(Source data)
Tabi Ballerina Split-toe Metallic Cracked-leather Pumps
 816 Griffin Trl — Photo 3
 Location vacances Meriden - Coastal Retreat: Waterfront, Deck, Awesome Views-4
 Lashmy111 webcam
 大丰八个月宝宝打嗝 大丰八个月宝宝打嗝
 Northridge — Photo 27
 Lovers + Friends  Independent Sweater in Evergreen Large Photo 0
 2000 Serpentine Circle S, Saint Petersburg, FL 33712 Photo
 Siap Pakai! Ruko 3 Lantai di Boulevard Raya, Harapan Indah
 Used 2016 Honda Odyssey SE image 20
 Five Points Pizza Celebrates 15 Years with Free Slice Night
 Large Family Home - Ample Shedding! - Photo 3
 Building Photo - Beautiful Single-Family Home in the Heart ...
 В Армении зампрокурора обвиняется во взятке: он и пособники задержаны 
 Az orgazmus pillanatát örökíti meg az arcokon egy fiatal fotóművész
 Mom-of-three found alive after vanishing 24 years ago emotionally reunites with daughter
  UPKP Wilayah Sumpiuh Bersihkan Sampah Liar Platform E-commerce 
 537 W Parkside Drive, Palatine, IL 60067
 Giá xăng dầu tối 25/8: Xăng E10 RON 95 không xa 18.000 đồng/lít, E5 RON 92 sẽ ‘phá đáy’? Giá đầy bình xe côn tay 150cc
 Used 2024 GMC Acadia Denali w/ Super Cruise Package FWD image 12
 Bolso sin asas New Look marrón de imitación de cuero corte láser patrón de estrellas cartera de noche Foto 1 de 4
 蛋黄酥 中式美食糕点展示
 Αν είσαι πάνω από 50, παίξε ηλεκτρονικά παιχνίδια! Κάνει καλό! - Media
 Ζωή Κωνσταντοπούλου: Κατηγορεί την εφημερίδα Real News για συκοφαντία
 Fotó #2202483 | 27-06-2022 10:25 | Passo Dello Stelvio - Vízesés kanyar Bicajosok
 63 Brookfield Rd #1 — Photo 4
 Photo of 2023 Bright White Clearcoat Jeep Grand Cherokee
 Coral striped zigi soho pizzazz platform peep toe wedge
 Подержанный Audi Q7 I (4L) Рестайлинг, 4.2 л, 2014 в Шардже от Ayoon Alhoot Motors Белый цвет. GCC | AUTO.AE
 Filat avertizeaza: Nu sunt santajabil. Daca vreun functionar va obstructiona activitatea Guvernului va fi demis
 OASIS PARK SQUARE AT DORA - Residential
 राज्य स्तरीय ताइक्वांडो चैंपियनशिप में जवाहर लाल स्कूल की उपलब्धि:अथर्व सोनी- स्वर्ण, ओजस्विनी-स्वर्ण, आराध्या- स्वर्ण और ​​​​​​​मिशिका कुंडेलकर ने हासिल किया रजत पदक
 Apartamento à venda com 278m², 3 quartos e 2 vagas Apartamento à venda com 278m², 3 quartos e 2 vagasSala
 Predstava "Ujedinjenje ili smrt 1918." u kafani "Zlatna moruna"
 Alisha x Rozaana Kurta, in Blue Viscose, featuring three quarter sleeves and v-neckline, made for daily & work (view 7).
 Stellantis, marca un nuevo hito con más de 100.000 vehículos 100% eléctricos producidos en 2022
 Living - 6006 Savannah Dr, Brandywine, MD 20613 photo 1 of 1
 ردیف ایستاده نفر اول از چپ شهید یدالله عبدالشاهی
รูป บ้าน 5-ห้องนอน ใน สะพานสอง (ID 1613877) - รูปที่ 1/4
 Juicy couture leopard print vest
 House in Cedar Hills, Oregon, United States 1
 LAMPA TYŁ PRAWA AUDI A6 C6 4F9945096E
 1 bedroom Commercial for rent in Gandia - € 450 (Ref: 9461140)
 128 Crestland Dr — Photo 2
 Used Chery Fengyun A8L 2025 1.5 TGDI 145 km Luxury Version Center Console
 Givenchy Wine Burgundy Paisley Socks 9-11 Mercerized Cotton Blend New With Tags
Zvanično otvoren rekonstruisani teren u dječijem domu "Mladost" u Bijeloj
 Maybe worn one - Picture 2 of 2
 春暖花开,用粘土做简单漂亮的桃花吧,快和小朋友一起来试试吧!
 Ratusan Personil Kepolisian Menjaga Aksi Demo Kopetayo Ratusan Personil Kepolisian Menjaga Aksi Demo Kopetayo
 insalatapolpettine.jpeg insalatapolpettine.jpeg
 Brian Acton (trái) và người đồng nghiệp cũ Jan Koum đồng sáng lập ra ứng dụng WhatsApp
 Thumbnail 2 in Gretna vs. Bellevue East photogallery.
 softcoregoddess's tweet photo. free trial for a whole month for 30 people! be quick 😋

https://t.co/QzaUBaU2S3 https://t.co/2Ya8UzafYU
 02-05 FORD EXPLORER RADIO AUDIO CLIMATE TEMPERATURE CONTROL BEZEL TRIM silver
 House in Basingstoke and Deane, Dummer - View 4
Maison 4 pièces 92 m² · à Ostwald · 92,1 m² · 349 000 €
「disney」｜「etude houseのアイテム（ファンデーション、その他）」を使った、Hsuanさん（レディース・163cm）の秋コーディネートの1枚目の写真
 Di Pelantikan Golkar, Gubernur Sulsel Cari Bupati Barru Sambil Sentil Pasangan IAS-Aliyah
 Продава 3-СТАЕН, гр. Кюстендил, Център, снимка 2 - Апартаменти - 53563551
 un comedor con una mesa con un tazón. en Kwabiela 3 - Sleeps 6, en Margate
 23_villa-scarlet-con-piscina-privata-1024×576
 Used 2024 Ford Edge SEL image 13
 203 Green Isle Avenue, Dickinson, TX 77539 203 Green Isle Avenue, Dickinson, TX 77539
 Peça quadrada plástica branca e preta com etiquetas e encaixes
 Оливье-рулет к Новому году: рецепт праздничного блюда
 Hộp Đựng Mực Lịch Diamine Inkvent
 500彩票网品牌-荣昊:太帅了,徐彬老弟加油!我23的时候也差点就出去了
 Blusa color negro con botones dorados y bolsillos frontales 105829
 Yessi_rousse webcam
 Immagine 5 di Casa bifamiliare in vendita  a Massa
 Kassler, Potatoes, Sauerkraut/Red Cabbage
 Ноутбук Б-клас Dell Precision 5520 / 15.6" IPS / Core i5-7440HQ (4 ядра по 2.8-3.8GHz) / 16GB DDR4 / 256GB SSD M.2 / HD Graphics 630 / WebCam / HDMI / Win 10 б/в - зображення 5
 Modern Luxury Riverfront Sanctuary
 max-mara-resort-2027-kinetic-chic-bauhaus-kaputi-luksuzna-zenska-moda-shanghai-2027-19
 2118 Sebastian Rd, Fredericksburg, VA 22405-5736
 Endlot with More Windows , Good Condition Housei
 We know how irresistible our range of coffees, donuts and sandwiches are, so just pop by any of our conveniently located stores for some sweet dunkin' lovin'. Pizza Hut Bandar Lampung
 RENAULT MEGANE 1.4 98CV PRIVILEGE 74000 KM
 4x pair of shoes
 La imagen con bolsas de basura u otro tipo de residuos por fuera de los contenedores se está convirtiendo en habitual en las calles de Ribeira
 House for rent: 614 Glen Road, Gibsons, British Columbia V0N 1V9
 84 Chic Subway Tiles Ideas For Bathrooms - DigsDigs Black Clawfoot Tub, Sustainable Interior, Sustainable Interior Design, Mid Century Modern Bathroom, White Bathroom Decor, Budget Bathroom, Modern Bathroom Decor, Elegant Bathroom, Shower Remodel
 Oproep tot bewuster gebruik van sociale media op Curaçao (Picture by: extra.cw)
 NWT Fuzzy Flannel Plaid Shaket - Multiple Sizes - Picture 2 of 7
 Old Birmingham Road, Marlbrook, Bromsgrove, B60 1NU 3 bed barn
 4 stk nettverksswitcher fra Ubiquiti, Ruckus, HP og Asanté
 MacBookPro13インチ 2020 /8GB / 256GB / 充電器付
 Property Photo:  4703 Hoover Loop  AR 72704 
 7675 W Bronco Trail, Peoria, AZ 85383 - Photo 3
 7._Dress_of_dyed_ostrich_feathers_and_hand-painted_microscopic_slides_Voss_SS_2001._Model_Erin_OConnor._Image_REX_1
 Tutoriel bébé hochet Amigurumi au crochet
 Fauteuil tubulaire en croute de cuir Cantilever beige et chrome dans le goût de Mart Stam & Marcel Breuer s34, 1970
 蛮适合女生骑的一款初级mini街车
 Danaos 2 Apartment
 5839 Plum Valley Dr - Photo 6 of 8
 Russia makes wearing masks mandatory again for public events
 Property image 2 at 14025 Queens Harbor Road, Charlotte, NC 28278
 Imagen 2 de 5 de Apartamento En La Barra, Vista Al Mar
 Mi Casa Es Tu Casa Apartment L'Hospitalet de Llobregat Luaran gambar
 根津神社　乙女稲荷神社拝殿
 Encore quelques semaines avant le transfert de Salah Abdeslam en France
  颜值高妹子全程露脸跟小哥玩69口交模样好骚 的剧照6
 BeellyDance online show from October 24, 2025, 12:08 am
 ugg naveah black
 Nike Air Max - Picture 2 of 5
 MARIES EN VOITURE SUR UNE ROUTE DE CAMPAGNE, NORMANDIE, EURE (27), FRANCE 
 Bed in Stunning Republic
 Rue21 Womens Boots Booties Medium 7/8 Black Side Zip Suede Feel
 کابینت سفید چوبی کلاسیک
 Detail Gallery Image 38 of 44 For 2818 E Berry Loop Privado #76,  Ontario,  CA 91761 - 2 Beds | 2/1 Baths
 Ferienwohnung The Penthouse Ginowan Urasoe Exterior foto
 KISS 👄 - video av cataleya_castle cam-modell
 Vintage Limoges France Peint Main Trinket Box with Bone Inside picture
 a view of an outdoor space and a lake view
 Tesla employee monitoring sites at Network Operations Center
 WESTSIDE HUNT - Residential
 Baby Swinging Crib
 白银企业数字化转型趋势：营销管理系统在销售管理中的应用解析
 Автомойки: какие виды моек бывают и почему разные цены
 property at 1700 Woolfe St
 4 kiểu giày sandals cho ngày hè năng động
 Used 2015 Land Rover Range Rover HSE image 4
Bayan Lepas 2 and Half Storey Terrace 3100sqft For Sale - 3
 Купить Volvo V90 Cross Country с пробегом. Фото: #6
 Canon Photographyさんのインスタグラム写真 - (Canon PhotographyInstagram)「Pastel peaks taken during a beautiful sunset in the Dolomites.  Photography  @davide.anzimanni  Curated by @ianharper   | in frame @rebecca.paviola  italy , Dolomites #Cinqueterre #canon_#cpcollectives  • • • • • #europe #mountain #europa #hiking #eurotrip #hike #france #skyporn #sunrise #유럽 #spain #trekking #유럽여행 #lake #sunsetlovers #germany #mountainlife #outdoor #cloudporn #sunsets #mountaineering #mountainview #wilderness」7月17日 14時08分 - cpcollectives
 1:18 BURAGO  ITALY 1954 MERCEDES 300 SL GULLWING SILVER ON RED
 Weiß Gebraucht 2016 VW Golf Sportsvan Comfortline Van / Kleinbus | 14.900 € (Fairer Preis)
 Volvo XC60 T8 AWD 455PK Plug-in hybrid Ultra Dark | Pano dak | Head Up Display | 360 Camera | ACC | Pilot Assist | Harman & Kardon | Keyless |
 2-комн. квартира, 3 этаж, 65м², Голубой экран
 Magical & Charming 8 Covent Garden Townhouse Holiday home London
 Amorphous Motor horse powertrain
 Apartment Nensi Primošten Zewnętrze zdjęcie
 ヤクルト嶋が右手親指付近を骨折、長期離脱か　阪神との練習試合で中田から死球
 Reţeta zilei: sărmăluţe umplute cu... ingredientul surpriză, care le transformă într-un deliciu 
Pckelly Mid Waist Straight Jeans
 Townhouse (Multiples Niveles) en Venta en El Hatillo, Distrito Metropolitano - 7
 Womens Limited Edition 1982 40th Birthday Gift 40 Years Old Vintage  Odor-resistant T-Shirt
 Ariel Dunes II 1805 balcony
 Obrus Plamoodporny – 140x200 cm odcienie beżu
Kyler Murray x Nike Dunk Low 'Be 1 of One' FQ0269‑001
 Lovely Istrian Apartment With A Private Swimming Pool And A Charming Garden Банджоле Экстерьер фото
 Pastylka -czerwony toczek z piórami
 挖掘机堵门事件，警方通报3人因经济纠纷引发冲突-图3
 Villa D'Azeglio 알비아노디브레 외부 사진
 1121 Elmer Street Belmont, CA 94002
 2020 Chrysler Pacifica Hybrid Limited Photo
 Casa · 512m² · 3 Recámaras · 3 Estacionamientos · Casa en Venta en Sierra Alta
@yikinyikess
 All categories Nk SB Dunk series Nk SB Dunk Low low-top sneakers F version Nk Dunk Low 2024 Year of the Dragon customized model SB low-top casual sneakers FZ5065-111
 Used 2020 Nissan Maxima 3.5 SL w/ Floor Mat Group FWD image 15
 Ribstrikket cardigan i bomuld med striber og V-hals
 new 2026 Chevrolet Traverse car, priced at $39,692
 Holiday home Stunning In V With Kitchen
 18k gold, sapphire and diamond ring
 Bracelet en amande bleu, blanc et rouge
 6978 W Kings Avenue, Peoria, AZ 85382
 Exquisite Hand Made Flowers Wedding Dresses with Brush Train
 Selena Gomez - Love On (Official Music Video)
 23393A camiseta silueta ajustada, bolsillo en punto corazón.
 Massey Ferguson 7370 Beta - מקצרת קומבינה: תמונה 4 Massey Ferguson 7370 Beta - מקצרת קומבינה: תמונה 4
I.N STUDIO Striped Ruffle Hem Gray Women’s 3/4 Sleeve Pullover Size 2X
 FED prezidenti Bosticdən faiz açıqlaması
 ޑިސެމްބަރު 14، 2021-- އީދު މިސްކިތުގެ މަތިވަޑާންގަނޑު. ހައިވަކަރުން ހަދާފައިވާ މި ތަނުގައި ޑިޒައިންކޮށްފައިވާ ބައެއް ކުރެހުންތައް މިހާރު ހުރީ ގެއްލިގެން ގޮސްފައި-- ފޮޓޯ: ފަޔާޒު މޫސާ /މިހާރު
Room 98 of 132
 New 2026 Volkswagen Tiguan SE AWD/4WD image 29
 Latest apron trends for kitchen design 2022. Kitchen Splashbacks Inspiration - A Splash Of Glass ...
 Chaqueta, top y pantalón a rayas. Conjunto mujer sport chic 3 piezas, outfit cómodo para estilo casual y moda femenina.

** Exercise requirements **
Emit an exact copy of the lines spanning the start of the records to the line containing "Fotó #2202483 |", inclusive, and no other output.

** Finished exercise **
Tabi Ballerina Split-toe Metallic Cracked-leather Pumps
 816 Griffin Trl — Photo 3
 Location vacances Meriden - Coastal Retreat: Waterfront, Deck, Awesome Views-4
 Lashmy111 webcam
 大丰八个月宝宝打嗝 大丰八个月宝宝打嗝
 Northridge — Photo 27
 Lovers + Friends  Independent Sweater in Evergreen Large Photo 0
 2000 Serpentine Circle S, Saint Petersburg, FL 33712 Photo
 Siap Pakai! Ruko 3 Lantai di Boulevard Raya, Harapan Indah
 Used 2016 Honda Odyssey SE image 20
 Five Points Pizza Celebrates 15 Years with Free Slice Night
 Large Family Home - Ample Shedding! - Photo 3
 Building Photo - Beautiful Single-Family Home in the Heart ...
 В Армении зампрокурора обвиняется во взятке: он и пособники задержаны 
 Az orgazmus pillanatát örökíti meg az arcokon egy fiatal fotóművész
 Mom-of-three found alive after vanishing 24 years ago emotionally reunites with daughter
  UPKP Wilayah Sumpiuh Bersihkan Sampah Liar Platform E-commerce 
 537 W Parkside Drive, Palatine, IL 60067
 Giá xăng dầu tối 25/8: Xăng E10 RON 95 không xa 18.000 đồng/lít, E5 RON 92 sẽ ‘phá đáy’? Giá đầy bình xe côn tay 150cc
 Used 2024 GMC Acadia Denali w/ Super Cruise Package FWD image 12
 Bolso sin asas New Look marrón de imitación de cuero corte láser patrón de estrellas cartera de noche Foto 1 de 4
 蛋黄酥 中式美食糕点展示
 Αν είσαι πάνω από 50, παίξε ηλεκτρονικά παιχνίδια! Κάνει καλό! - Media
 Ζωή Κωνσταντοπούλου: Κατηγορεί την εφημερίδα Real News για συκοφαντία
 Fotó #2202483 | 27-06-2022 10:25 | Passo Dello Stelvio - Vízesés kanyar Bicajosok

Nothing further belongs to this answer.